> **Exercise goal**: An exact reproduction of the records is required. Images must be left out.

Content starts

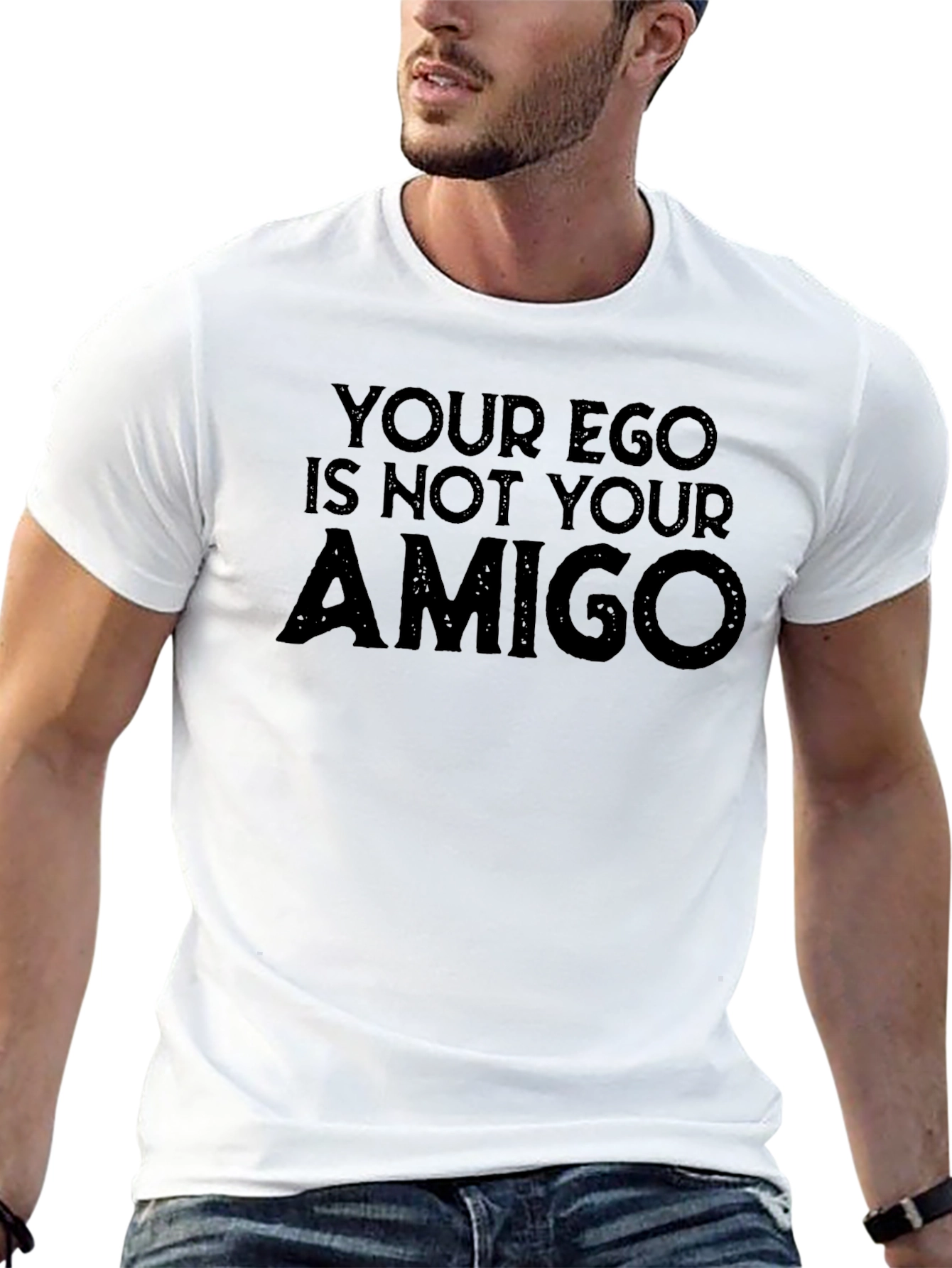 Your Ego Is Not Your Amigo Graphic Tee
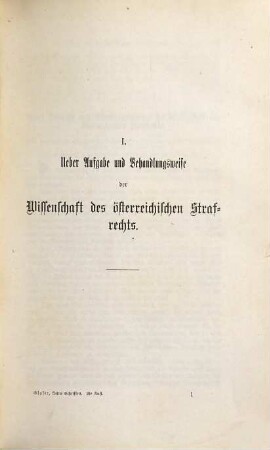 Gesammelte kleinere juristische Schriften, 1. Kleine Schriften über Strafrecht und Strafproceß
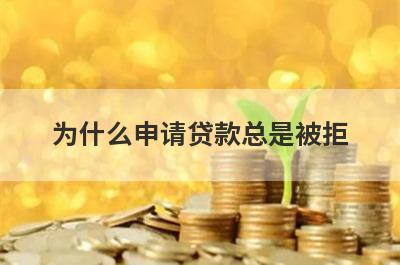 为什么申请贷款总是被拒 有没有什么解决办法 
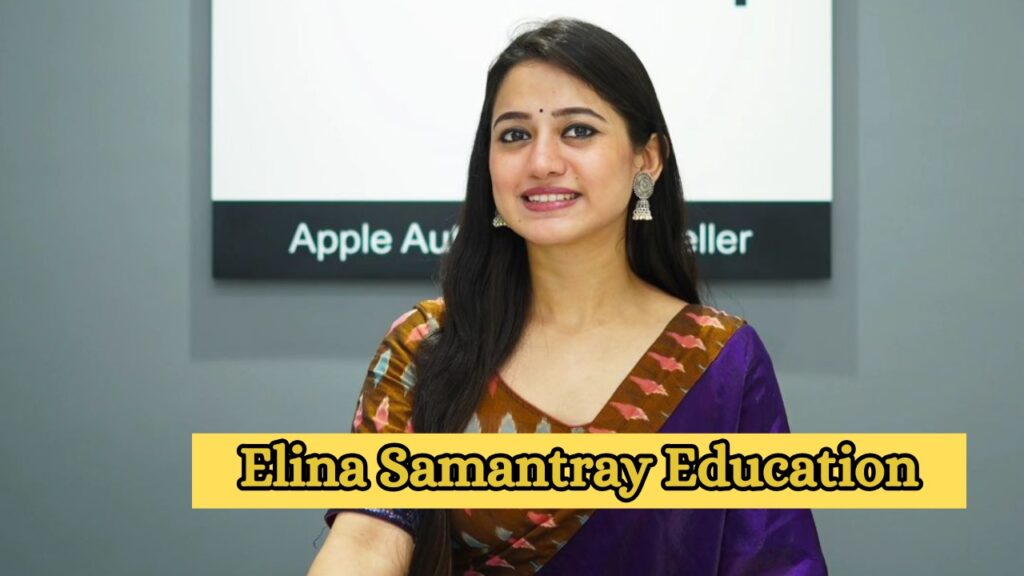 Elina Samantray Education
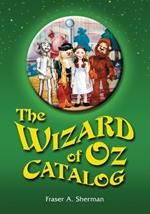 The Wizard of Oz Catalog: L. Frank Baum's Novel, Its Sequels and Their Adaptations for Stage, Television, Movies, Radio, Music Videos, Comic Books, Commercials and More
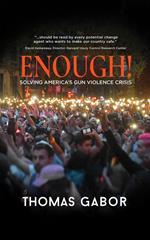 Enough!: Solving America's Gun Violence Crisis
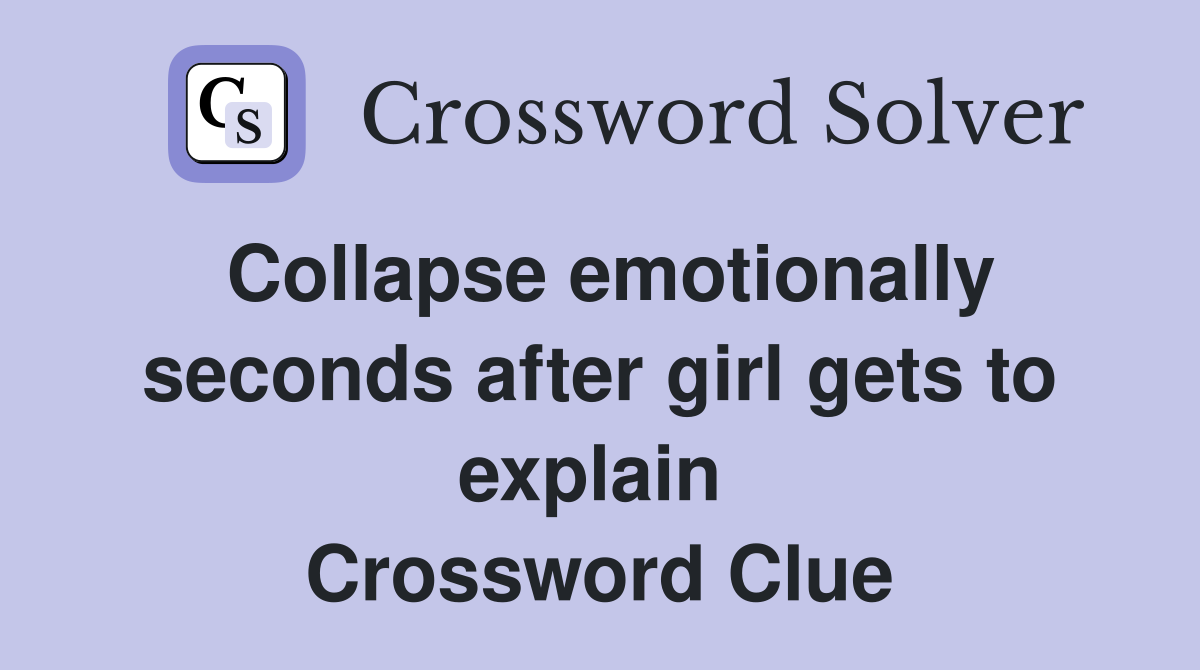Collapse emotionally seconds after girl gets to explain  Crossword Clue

Content ends

> **Answer box**:
 Your Ego Is Not Your Amigo Graphic Tee
 Gesammelte kleinere juristische Schriften, 1. Kleine Schriften über Strafrecht und Strafproceß
 为什么申请贷款总是被拒 有没有什么解决办法 
 Elina Samantray Education
 The Wizard of Oz Catalog: L. Frank Baum's Novel, Its Sequels and Their Adaptations for Stage, Television, Movies, Radio, Music Videos, Comic Books, Commercials and More
 Enough!: Solving America's Gun Violence Crisis
Collapse emotionally seconds after girl gets to explain  Crossword Clue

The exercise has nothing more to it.